[Start of section]
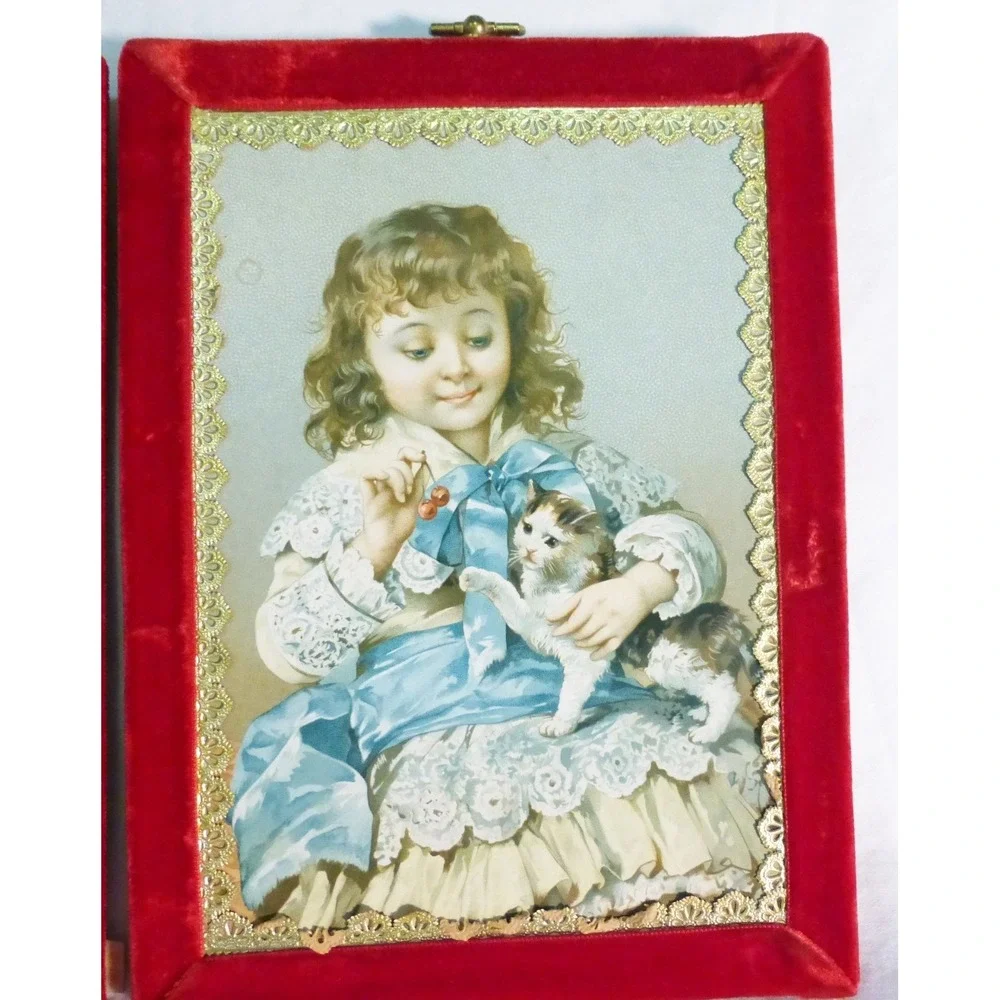 Vtg plaque wall home decor nostalgia 1880 print girls french Victorian set of 2‎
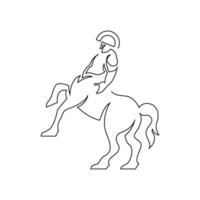 continuous mono line drawing of abstract centaur vector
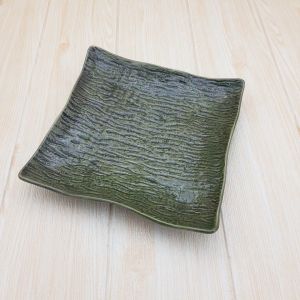 จานเซรามิค ณ จานกับข้าว ยิ่งยอดของคุณ จานอาหารญี่ปุ่น จานทงคัทซึ ทรงเหลี่ยม ออกแบบสวยงาม เพื่อให้คุณสวยให้ สีเขียวหยก ขนาด 8.25 x 8.25 นิ้ว แม้แยกขายเป็นใบ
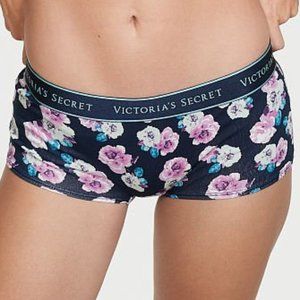 VS XS Boyshort Logo Waist Navy Noir Floral Victoria’s Secret 🌺 Flowers Cute NWT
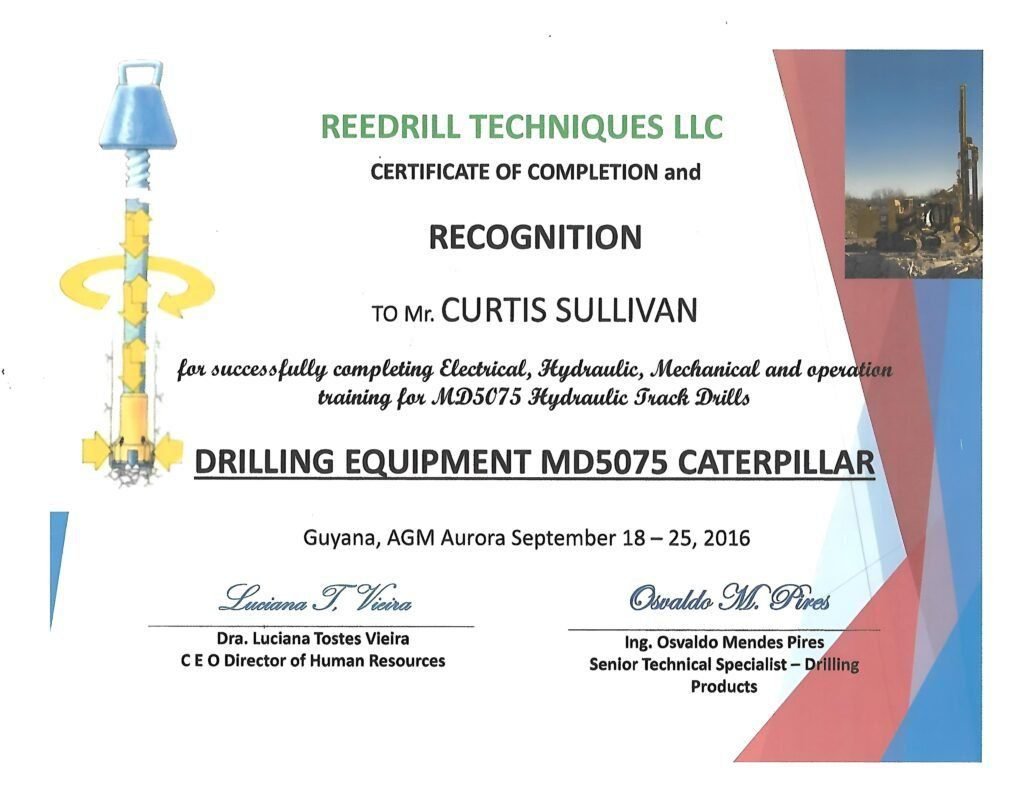 Certificate of Completion and Recognition (MD5075 Hydraulic Track Drills)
[End of section]
- _TASK BRIEF_: All entries above should be returned exactly, apart from their pictures.

- _RESULT OF THE EXERCISE_:
 Vtg plaque wall home decor nostalgia 1880 print girls french Victorian set of 2‎
 continuous mono line drawing of abstract centaur vector
 จานเซรามิค ณ จานกับข้าว ยิ่งยอดของคุณ จานอาหารญี่ปุ่น จานทงคัทซึ ทรงเหลี่ยม ออกแบบสวยงาม เพื่อให้คุณสวยให้ สีเขียวหยก ขนาด 8.25 x 8.25 นิ้ว แม้แยกขายเป็นใบ
 VS XS Boyshort Logo Waist Navy Noir Floral Victoria’s Secret 🌺 Flowers Cute NWT
 Certificate of Completion and Recognition (MD5075 Hydraulic Track Drills)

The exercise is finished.